Turkey’s foreign minister on Friday denounced a US move to exempt areas controlled by the Syrian Democratic Forces, which is spearheaded by Kurdish militants outlawed by Ankara, from its sanctions on the Assad regime, saying it seeks to legitimize “terrorists,” Turkey’s state-run Anadolu news agency reported on Friday.
Foreign Minister Mevlüt Çavuşoğlu said the move is arbitrary and “lacks objective criteria” at a press conference with Christophe Lutundula Apala, the Democratic Republic of Congo’s deputy prime minister and foreign minister.
The Syrian Kurdish People’s Protection Units (YPG) leads the US-backed SDF, which remains in control of large swathes of northeastern Syria.

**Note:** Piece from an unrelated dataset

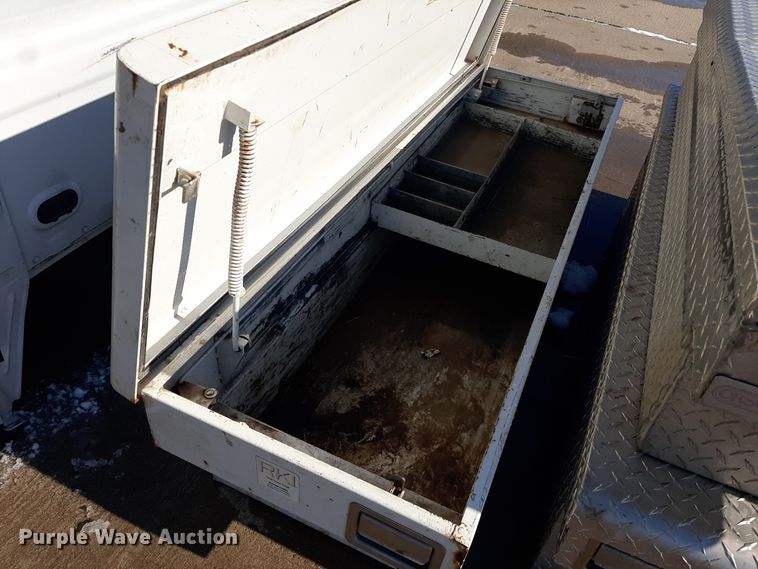 image for item LX9859 (3) toolboxes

Turkey considers the YPG to be an extension of the Kurdistan Workers’ Party (PKK), which is listed as a terrorist organization by Turkey, the EU and the US.
Turkey also has a military presence in Syria, where it has seized territory in successive military operations since 2016.

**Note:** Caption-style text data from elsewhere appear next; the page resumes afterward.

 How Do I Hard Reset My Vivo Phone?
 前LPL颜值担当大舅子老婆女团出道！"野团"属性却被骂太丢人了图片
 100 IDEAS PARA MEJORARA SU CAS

Turkey has carried out three cross-border operations in Syria against the Islamic State in Iraq and the Levant (ISIL) as well as US-backed Kurdish militias and has frequently used factions of armed Syrian fighters in addition to its own forces.
Turkey’s Western allies have accused it of weakening the fight against ISIL and undermining stability through its military actions in northern Syria.